Skip to content

Schema

Unified schema exports for gllm_multimodal.

AudioTranscript

Bases: BaseModel

A class representing an audio transcript.

An audio transcript is a textual record of spoken content from audio or video sources, including timing information and optional language identification. It provides a structured way to store and manage transcribed audio data.

Attributes:

Name Type Description
text str

The text of the transcript.

start_time float

The start time of the transcript in seconds.

end_time float

The end time of the transcript in seconds.

lang_id str | None

The language ID of the transcript.

Caption

Bases: BaseModel

Result class for image captioning operations.

This class extends ImageToTextResult to provide a structured format for image captioning results, supporting: - Multiple caption types (one-liner, detailed, domain-specific) - Caption count tracking - Metadata storage for processing details

Attributes:

Name Type Description
image_one_liner str

Brief, single-sentence summary of the image. Defaults to empty string if not provided.

image_description str

Detailed, multi-sentence description of the image. Defaults to empty string if not provided.

domain_knowledge str

Domain-specific interpretation or context. Defaults to empty string if not provided.

number_of_captions int

Total number of distinct captions generated. Defaults to 0 if no captions are generated.

image_metadata dict[str, Any]

Additional information about the image such as image location.

attachments_context list[Attachment]

Optional list of external context objects (files, bytes, or pre-processed inputs) that can enrich captioning results. Bytes are automatically converted into Attachment objects via Attachment.from_bytes.

output_schema str

Output schema. Defaults to empty string if not provided.

schema_description str

Schema description. Defaults to empty string if not provided.

language str

Language of the captions.
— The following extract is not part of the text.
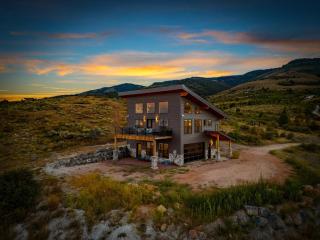 The Overlook - BBQ, Stunning Lake Views, Games - 0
Defaults to "Indonesian" if not provided.

handle_none_attachments(attachments_value)

Normalize and validate attachments_context.

This method ensures that the attachments_context field is always a list of Attachment objects. It handles multiple input cases:

  • None -> returns an empty list
  • list[bytes] -> converts each item into an Attachment via Attachment.from_bytes
  • list[Attachment] -> keeps as-is
  • list[mixed] -> normalizes supported types, raises error on unsupported types
  • any other type -> raises TypeError

Parameters:

Name Type Description Default
attachments_value Any

Input value provided to attachments_context.

required

Returns:

Type Description
Any

list[Attachment]: A normalized list of Attachment objects.

Raises:

Type Description
TypeError

If an unsupported type is provided (e.g., str, dict).
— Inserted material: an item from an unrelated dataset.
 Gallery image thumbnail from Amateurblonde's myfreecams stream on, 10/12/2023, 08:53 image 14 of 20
handle_none_metadata(metadata_value) classmethod

Handle None values for image_metadata by using empty dict.

handle_none_number_of_captions(caption_value) classmethod

Handle None values for number_of_captions by using default.

handle_none_values(str_value) classmethod

Handle None values by converting them to default values.

CaptionResult

Bases: Caption

Result of a caption operation.

Attributes:

Name Type Description
captions str | list[str] | dict[str, Any]

The caption result.

Keyframe

Bases: BaseModel

Represents a keyframe extracted from a video segment.

Attributes:

Name Type Description
time_offset float

Time within the segment where the keyframe occurs.

caption str | None

Text description of this specific keyframe.

Mermaid

Bases: BaseModel

Mermaid additional metadata.

Attributes:

Name Type Description
diagram_type str

type of the diagram to be generated.

context str

additional context to generate mermaid.

Segment

Bases: BaseModel

Represents a video segment with its captions, transcripts, and keyframes.

Attributes:

Name Type Description
start_time float | None

The segment's starting time in seconds.

end_time float | None

The segment's ending time in seconds.

transcripts list[AudioTranscript]

Optional list of transcripts for the segment.

segment_caption list[str]

The single, rich description of the segment's action/plot.

keyframes list[Keyframe]

Optional list of keyframes extracted from the segment.

ensure_caption()

Ensure segment has caption, fallback to keyframes/transcripts if needed.

ensure_keyframes()

Ensure all keyframes time offset is non-negative.

ensure_transcripts()

Ensure all transcripts time offset is non-negative.

TextResult

Bases: BaseModel

Base class for all image-to-text operation results.

This class provides the foundation for structured results from any image-to-text operation, including: - Image Captioning - Scene Text Detection

Attributes:

Name Type Description
text str

The extracted or generated text from the image. This is the primary output of any image-to-text operation. May be empty if the operation fails or no text is found.

metadata dict[str, Any] | BaseModel

Additional metadata from the conversion process.

VideoCaptionMetadata

Bases: BaseModel

Metadata for video captioning results.

Attributes:

Name Type Description
video_summary str

A high-level summary of the entire video's plot, topic, or main events.

segments list[Segment]

List of video segments with their captions and metadata.

ensure_segment_end_time_greater_than_start_time()

Ensure segment end time is greater than start time.

If end time equal or lower than start time, then use next segment start time-1 as end time.

VideoCaptionResult

Bases: VideoCaptionMetadata

Backward-compatible model alias for video caption result payload.